En second lieu, après une analyse, au cas par cas, des cinq objectifs de la PAC, la Commission est arrivée à la conclusion que l'accord n'apparaissait pas nécessaire pour atteindre quatre des ces objectifs. Seul l'objectif consistant à assurer un niveau de vie équitable à la population agricole, notamment par le relèvement du revenu individuel, était rempli par l'accord, en raison du but recherché qui est de fixer un prix minimal d'un niveau supérieur à celui du marché. Cependant, la mise en balance de cet objectif et des quatre autres objectifs de la PAC, qui eux n'étaient pas remplis, ne permettait pas de conclure que la dérogation du règlement n° 26 - règlement n°1184/2006 était applicable en l'espèce.

En conclusion, la Commission a estimé qu'aucune des dérogations n'était applicable et que l'accord incriminé n'échappait pas au champ d'application de l'article 81§1 du TCE (actuel article 101§1 du TFUE). Les six fédérations ont été condamnées, par décision de la Commission du 2 avril 2003, à une amende de 12 millions d'euros pour infraction aux règles de concurrence.

b) Les interprétations de la Cour de justice de l'Union européenne

La Cour de justice de l'Union européenne (CJUE) a toujours eu une lecture exigeante des règles de concurrence, allant jusqu'à conceptualiser une nouvelle forme d'entente (« les infractions complexes et continues (sous la) forme  imbriquée d'accords et de pratiques concertés »), en complément des formes d'entente précisées par l'article 101 du TFUE (CJCE 1999, affaire du Cartel du polypropylène, Commission c/Anic ).

La Cour a également statué qu'il convenait de faire prévaloir l'application des règles de concurrence dans le secteur agricole chaque fois que possible. Ce fut le cas en 1995 dans une affaire dite « Frico Domo » (12 décembre 1995). Reprenant une analyse développée par la Commission, la Cour a confirmé le rattachement du secteur agricole aux règles de concurrence et a considéré que la dérogation ne s'appliquait que dans le cas où tous les objectifs de l'actuel article 39 TFUE (ex-article 33 TCE) étaient poursuivis. Puis ce fut le cas en 2003 (9 septembre 2003, affaire Milk Marque et National Farmer's Union ), et encore, récemment, dans l'affaire du « Tabac brut espagnol » (3 février 2011) où la Cour, examinant des cas de restrictions d'importation, a rappelé que le maintien d'une concurrence effective dans le secteur agricole faisait partie des objectifs de la PAC.

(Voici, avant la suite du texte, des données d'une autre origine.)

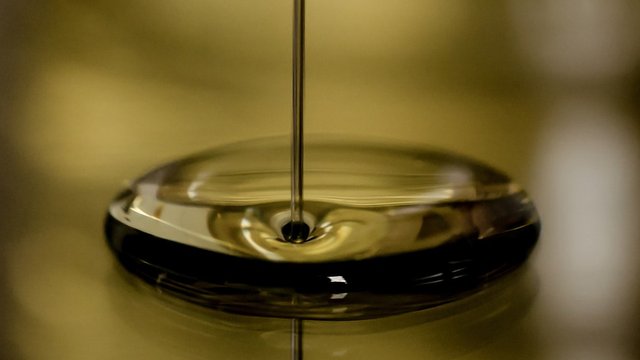 РФ нарощує морський експорт сирої нафти попри заявлені санкції – експерт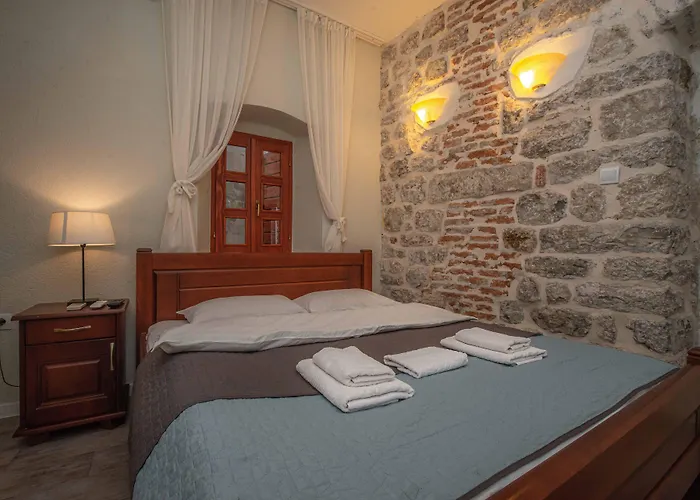 Antika Guesthouse Kotor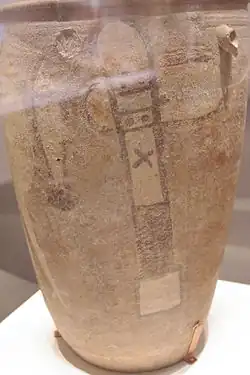 Urne de la culture néolithique de Yangshao (-5000/-3000), décorée d'une cigogne, d'un poisson et d'une hache de pierre.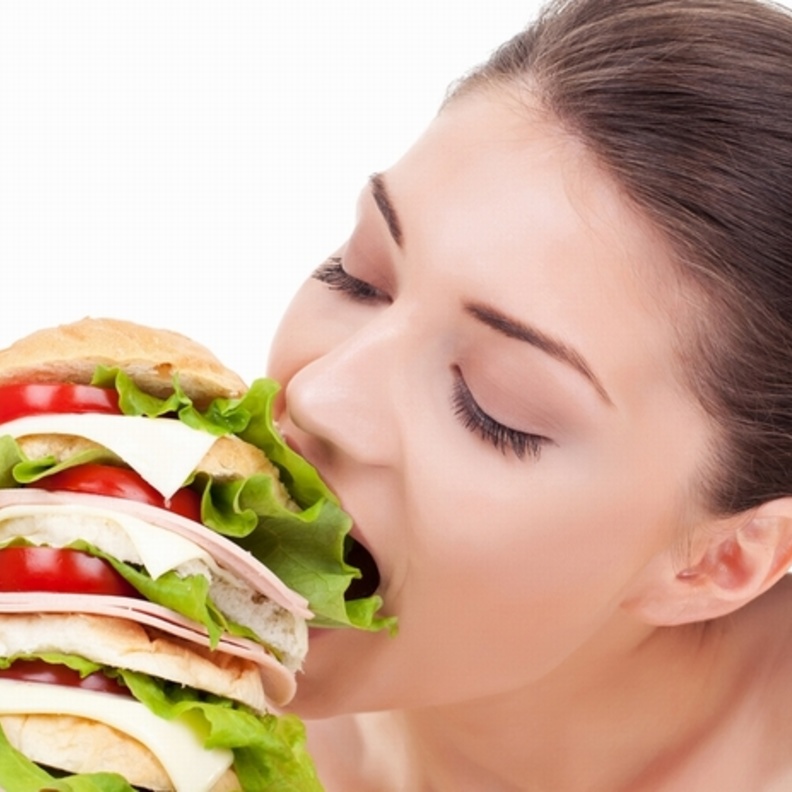 كيف تتعاملين مع شهوة تناول الطعام؟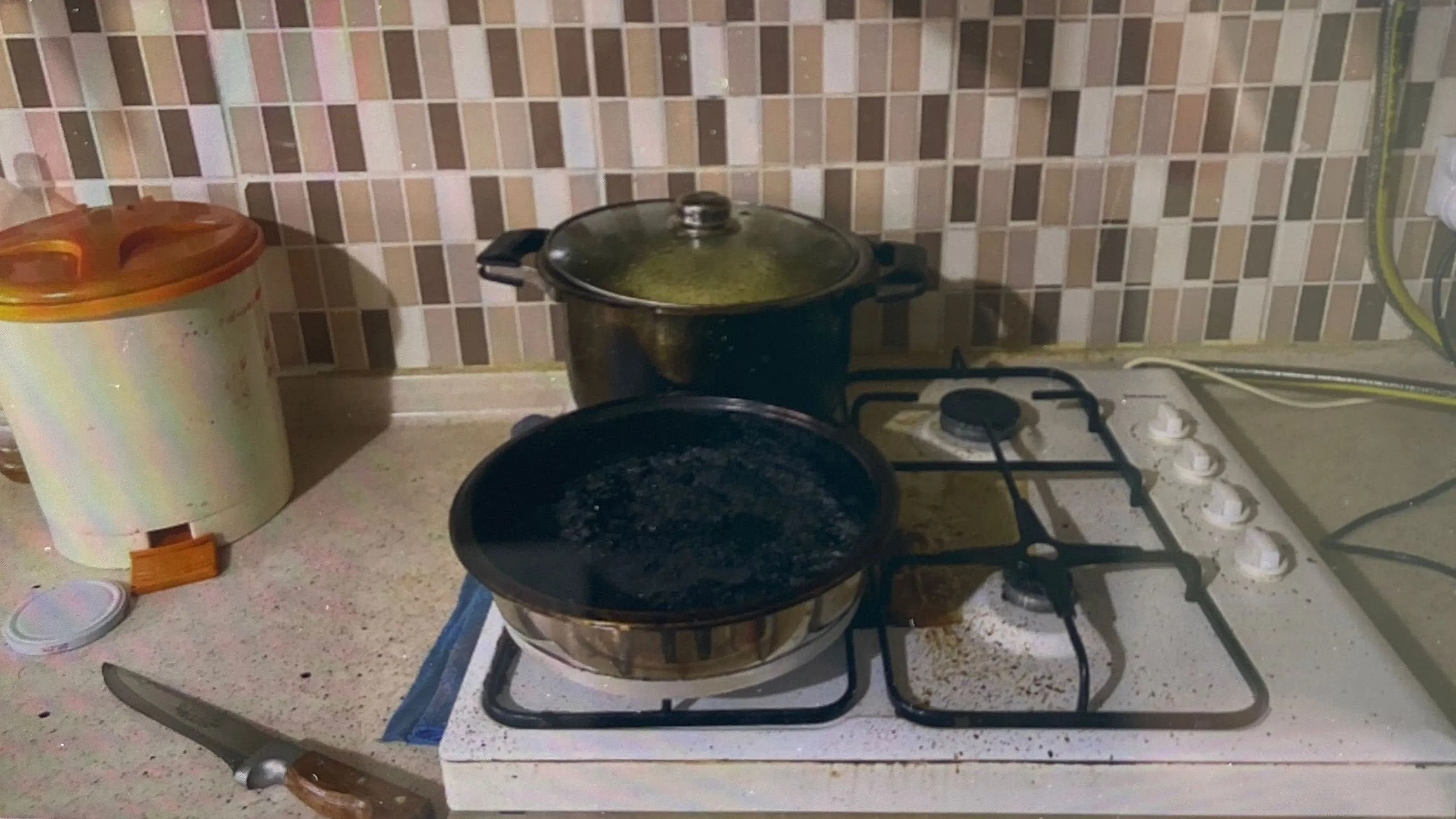 Ocakta unutulan yemek kadının ölümüne neden oldu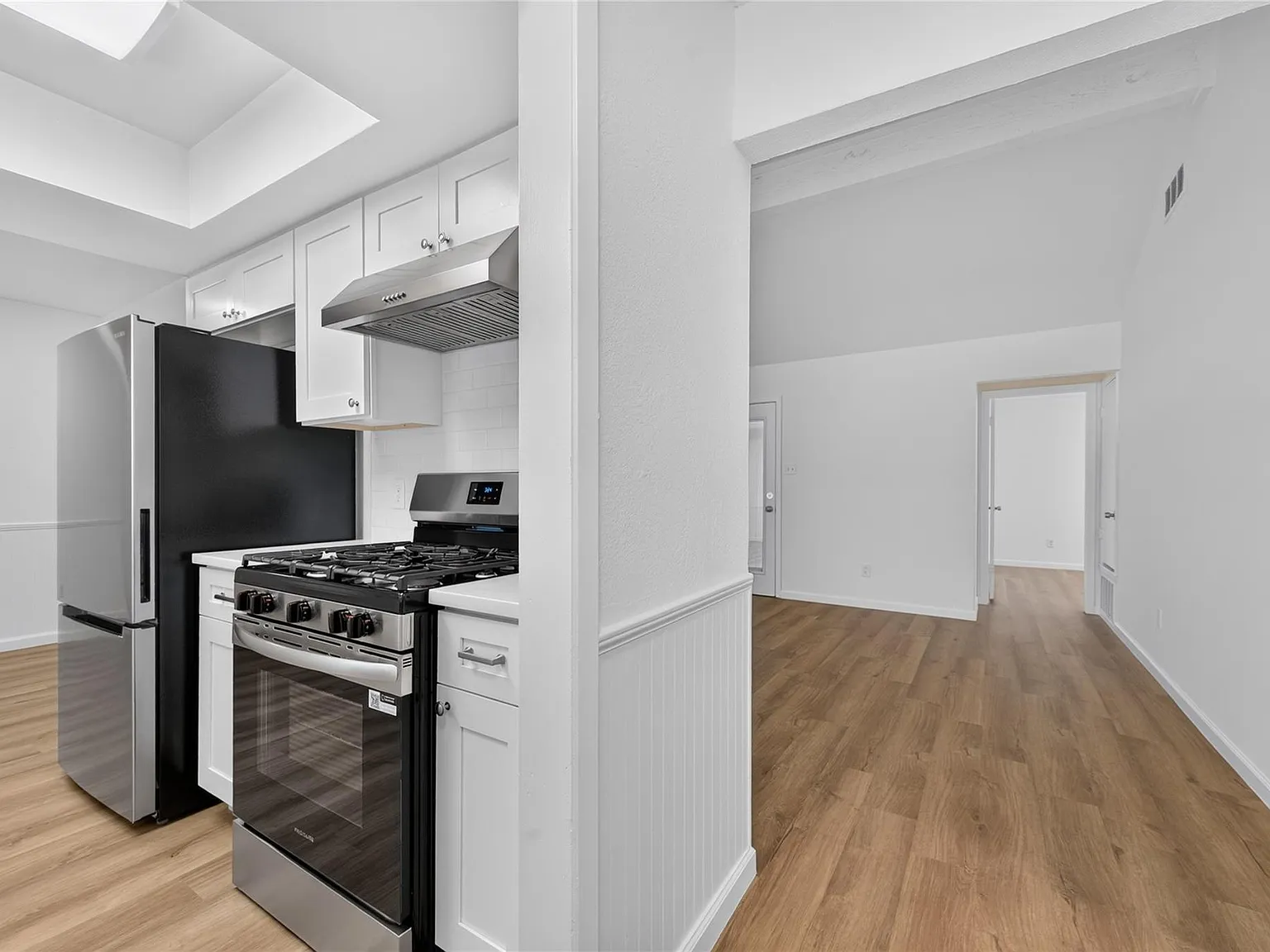 4 bed, 2.0 bath, 1403 sqft, $2,195 — Photo 3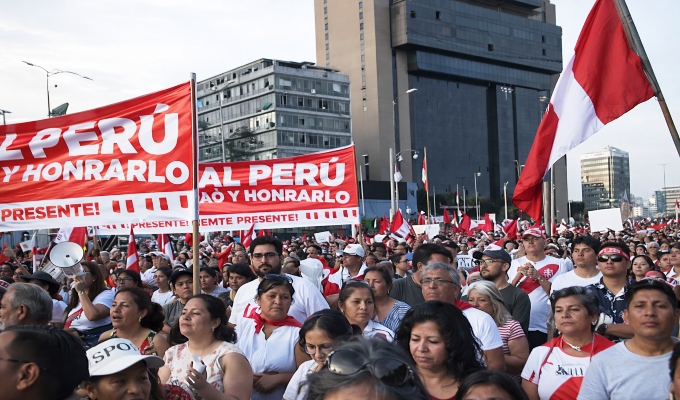 ¡Defendamos la democracia!: ciudadanos se concentran para marchar contra presunto fraude electoral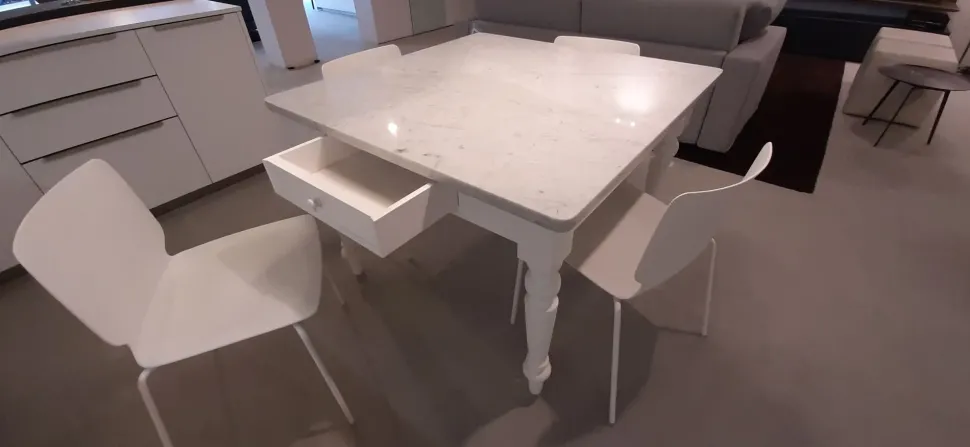 Tavolo Vernazza Schiffini in marmo Fisso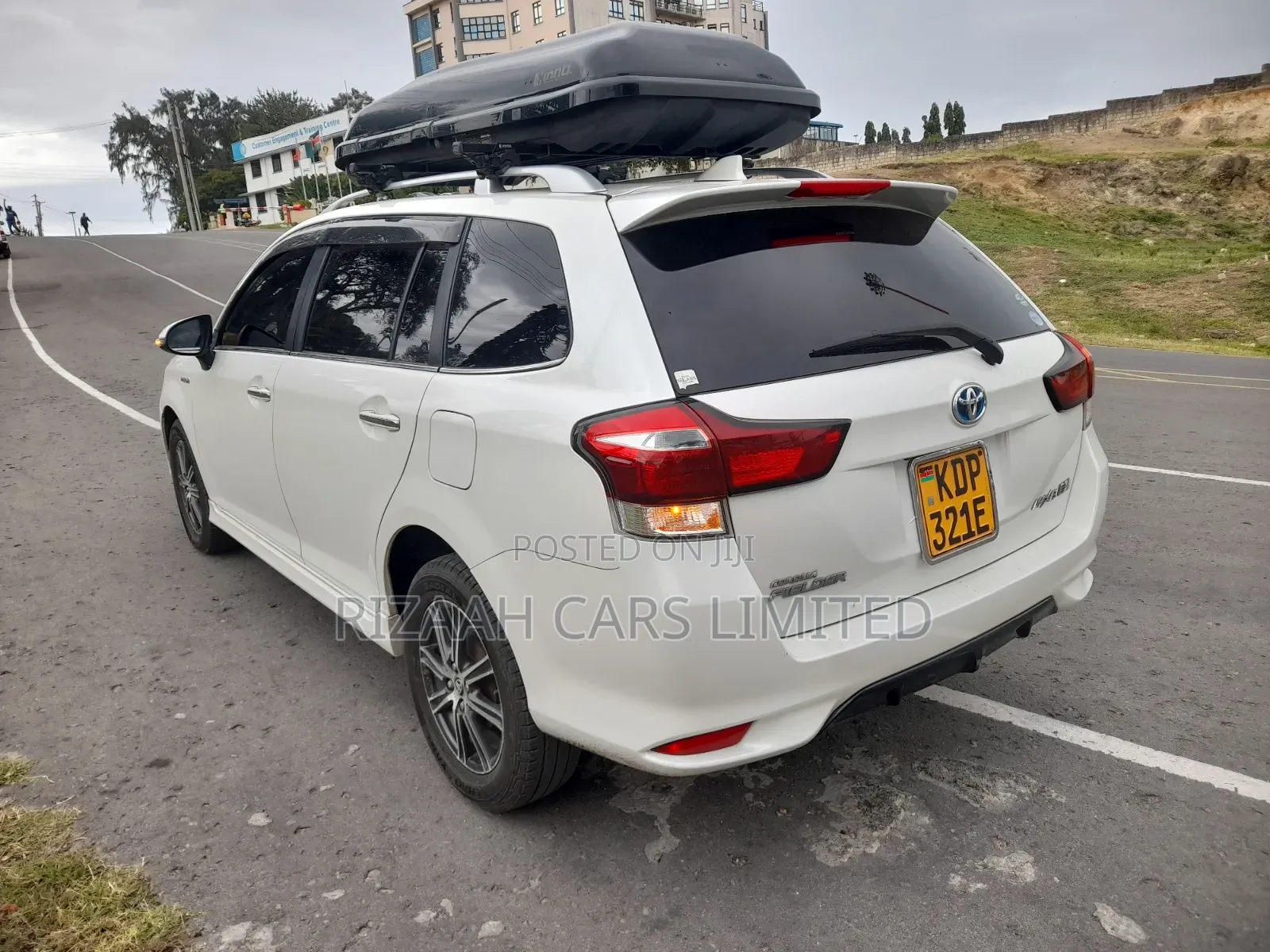 Toyota Corolla Fielder 2017 White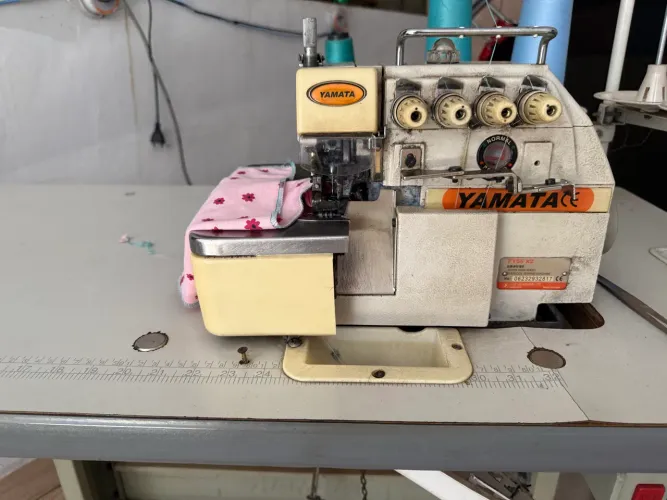 Máquina Overlock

c) Les interprétations de l'Autorité de la concurrence nationale, l'exemple du « cartel des endiviers » (2012)

Comme on l'a vu, en 2009, l'Autorité de la concurrence a considéré que la diffusion de recommandations de prix par le CNIEL présentait un risque anticoncurrentiel (avis 09-1-48 du 2 octobre 2009). En 2012, l'Autorité a eu à traiter un contentieux complet dans l'affaire dite du Cartel des endiviers (décision 12-D-08 du 6 mars 2012).

Les producteurs d'endives avaient mis en place un système de contrôle des prix de vente des endives aux grossistes et aux distributeurs. L'Autorité de la concurrence a dégagé trois composantes revêtant un objet anticoncurrentiel : la fixation collective de prix minima, la concertation concernant les quantités d'endives mises sur le marché (les producteurs d'endives pouvant être incités à détruire une partie de leurs stocks afin de diminuer les volumes proposés à la vente) et les échanges d'informations relatives aux prix via l'outil « Infocl@r ». Ce système d'information permettait de connaître en temps réel l'évolution des quantités vendues et des prix pratiqués par les opérateurs. Ces échanges étaient donc le support d'une entente sur les prix minima et constituaient une restriction de concurrence. L'Autorité de la concurrence, tout en constatant que cette pratique n'avait eu aucun effet sur la situation économique de la filière, a prononcé une sanction de 3,6 millions d'euros.